=== EXTRACTED DATA ===

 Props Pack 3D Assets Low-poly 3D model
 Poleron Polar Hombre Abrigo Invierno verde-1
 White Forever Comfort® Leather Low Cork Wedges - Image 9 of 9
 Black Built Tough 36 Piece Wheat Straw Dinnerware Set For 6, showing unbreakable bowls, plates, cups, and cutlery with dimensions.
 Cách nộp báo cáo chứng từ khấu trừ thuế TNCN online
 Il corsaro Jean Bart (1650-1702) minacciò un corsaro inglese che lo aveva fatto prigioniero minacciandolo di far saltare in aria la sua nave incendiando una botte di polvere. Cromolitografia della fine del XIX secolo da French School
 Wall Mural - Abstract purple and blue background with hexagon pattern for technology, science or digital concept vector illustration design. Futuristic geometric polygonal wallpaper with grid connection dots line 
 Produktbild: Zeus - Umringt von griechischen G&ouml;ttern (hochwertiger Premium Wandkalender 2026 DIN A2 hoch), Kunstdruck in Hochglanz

===
=== EXTRACTED DATA ===

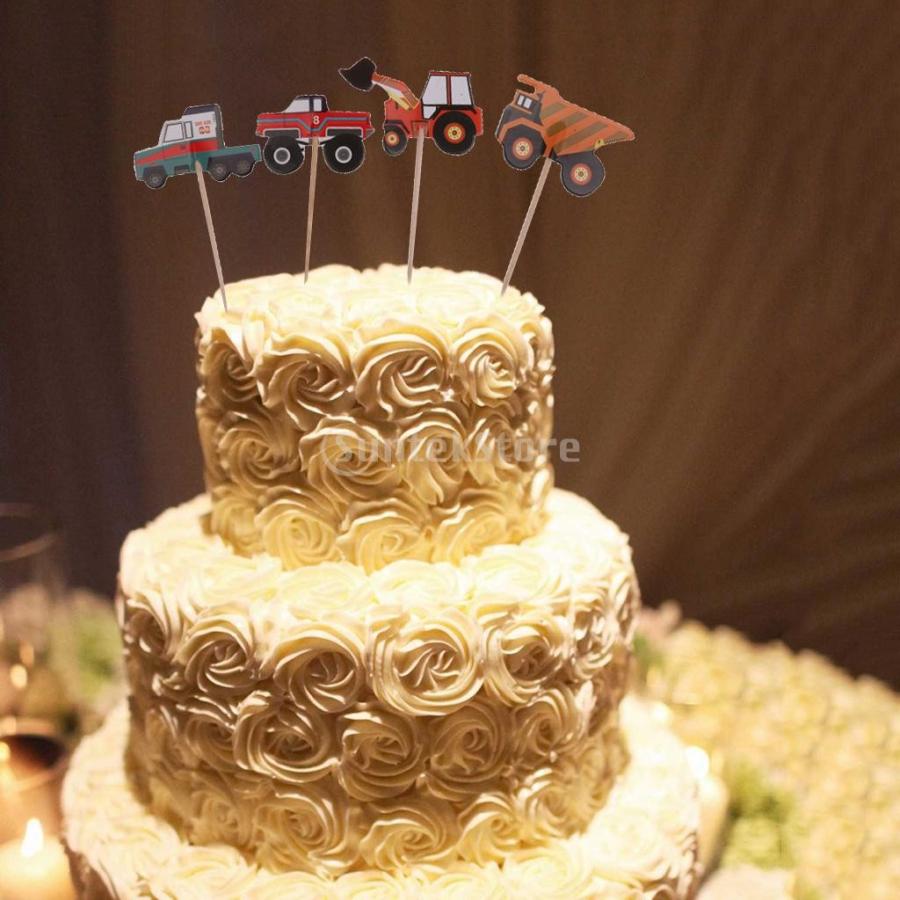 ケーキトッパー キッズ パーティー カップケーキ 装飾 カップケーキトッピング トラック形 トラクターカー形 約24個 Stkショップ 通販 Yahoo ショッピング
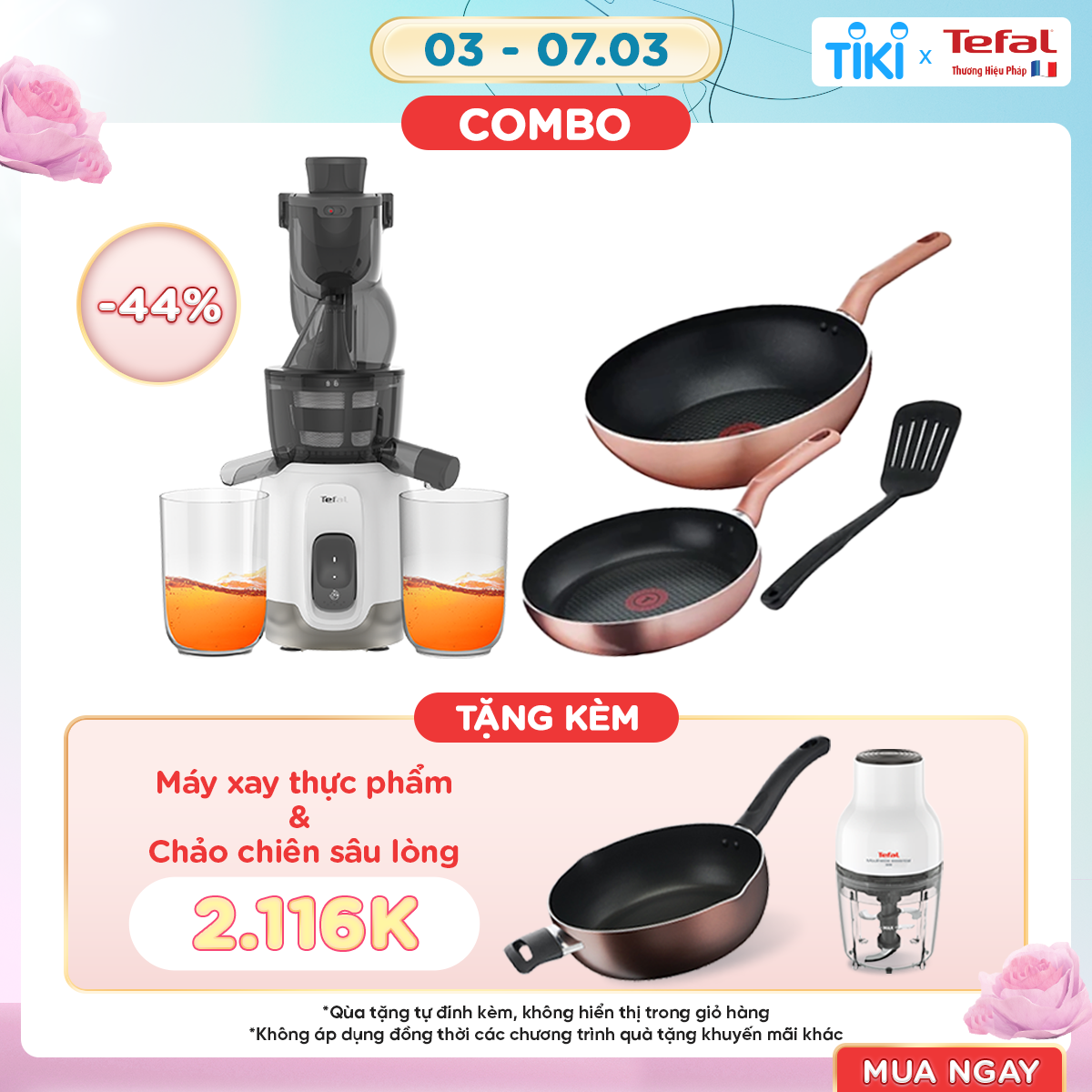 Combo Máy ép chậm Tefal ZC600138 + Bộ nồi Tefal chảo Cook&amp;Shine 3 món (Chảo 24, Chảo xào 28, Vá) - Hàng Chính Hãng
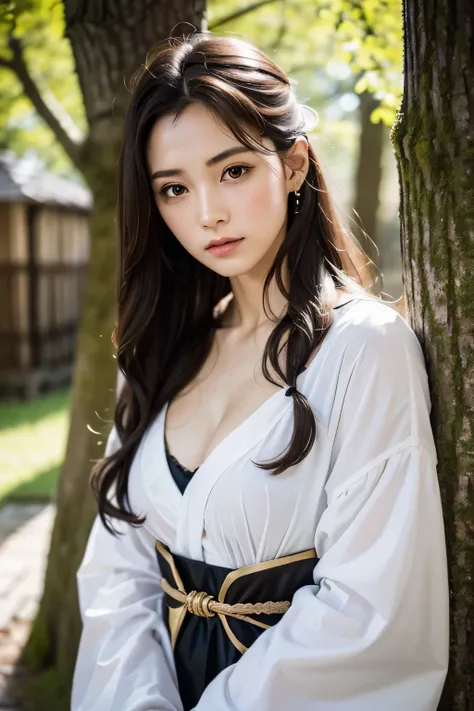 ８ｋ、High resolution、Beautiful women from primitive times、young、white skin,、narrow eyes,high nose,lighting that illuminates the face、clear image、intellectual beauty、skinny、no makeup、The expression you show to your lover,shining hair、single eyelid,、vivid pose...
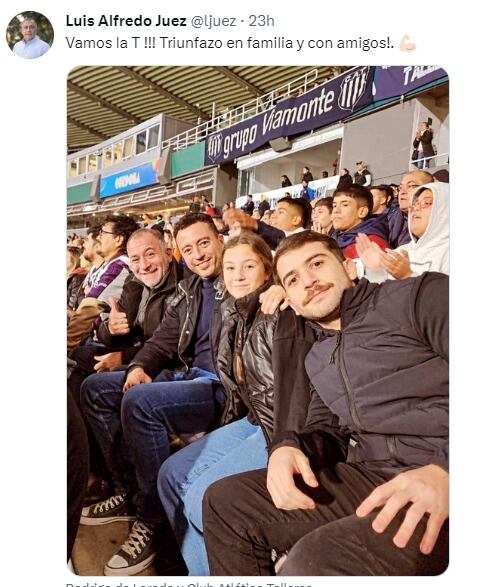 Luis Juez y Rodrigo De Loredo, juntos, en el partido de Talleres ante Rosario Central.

===
=== EXTRACTED DATA ===

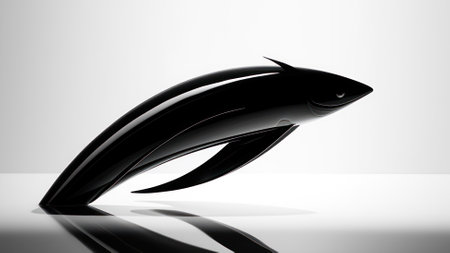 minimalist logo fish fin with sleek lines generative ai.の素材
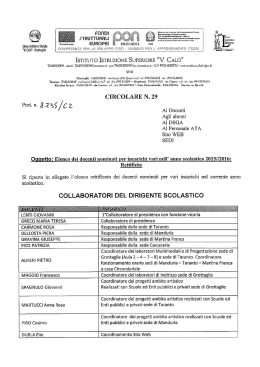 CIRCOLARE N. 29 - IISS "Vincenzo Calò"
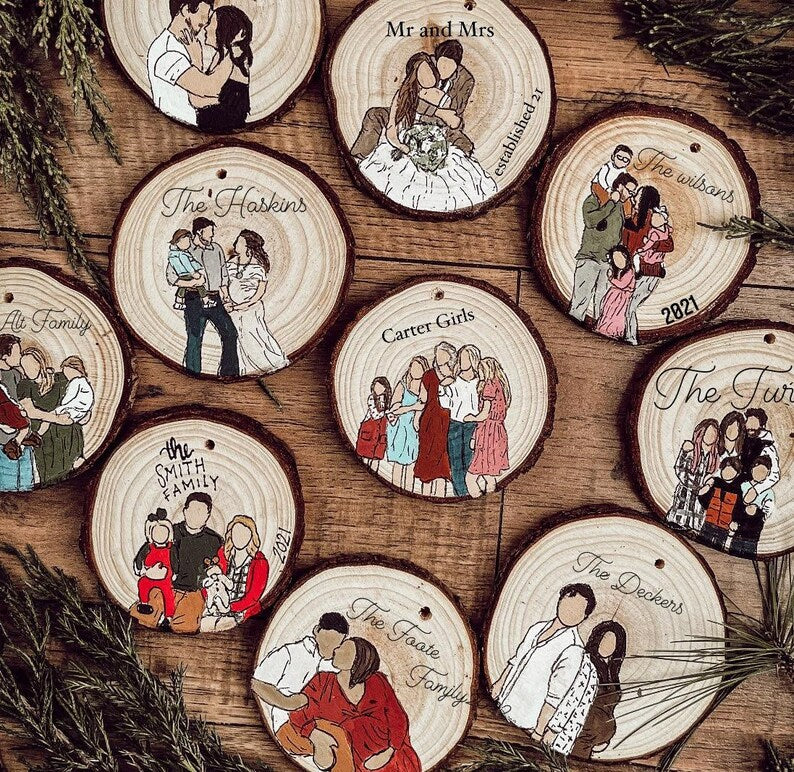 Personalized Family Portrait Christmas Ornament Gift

===

TASK DESCRIPTION: Above are the records; repeat exactly the lines from the one holding "Wall Mural - Abstract" down to the one holding "Produktbild: Zeus - Umringt", end lines included.

YOUR SOLUTION:
 Wall Mural - Abstract purple and blue background with hexagon pattern for technology, science or digital concept vector illustration design. Futuristic geometric polygonal wallpaper with grid connection dots line 
 Produktbild: Zeus - Umringt von griechischen G&ouml;ttern (hochwertiger Premium Wandkalender 2026 DIN A2 hoch), Kunstdruck in Hochglanz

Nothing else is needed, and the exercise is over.